■ Exercise directions
Copy the listing exactly, images excluded.

■ Material for this task
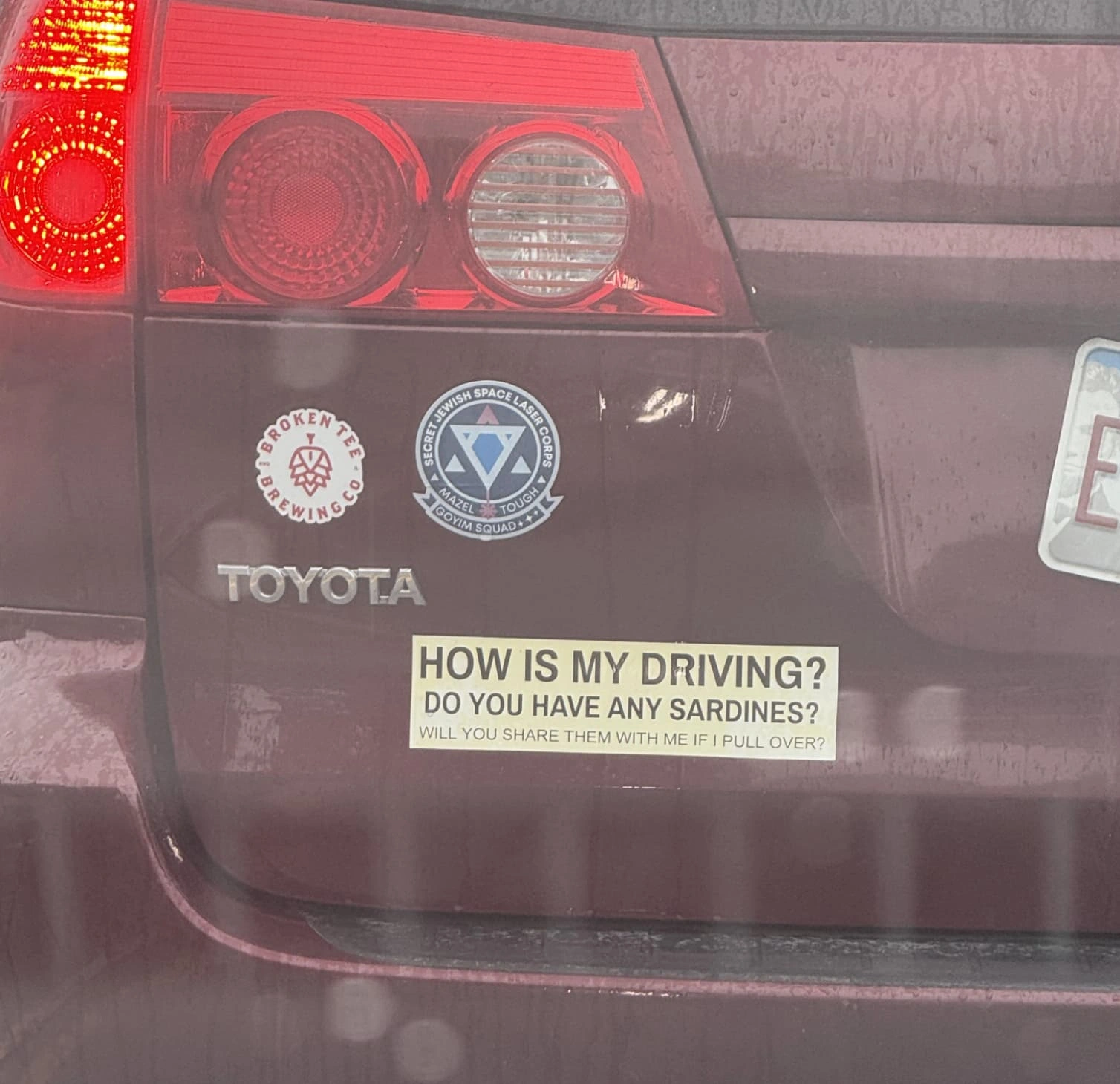 28 Insane Bumper Stickers That Almost Caused a Traffic Jam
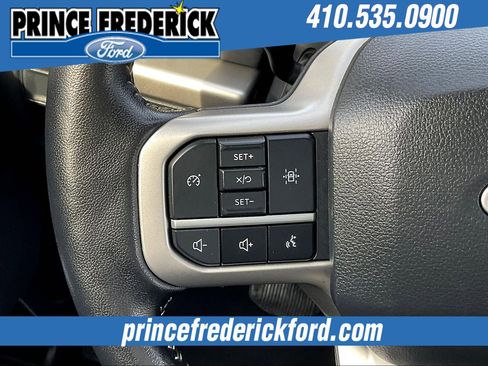Used 2024 Ford Expedition XLT image 17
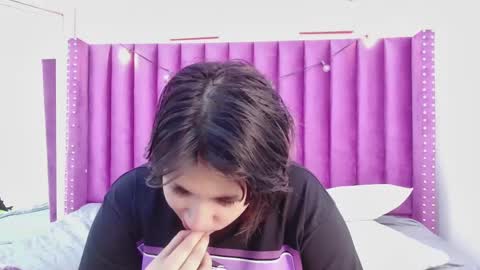  Angela  online show from 10/23/25, 02:55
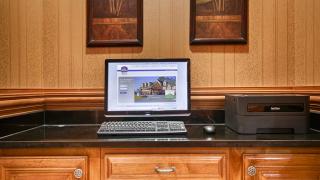 Best Western Plus Bradbury Inn and Suites - Waycross - 1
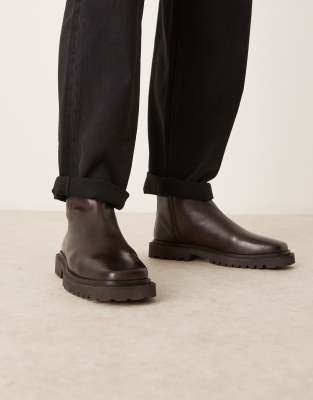  chelsea boot  leather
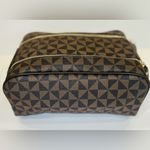 Toiletry Makeup Travel Good for both men and women. NWOT Brown Photo 1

■ Solution
 28 Insane Bumper Stickers That Almost Caused a Traffic Jam
Used 2024 Ford Expedition XLT image 17
  Angela  online show from 10/23/25, 02:55
 Best Western Plus Bradbury Inn and Suites - Waycross - 1
  chelsea boot  leather
 Toiletry Makeup Travel Good for both men and women. NWOT Brown Photo 1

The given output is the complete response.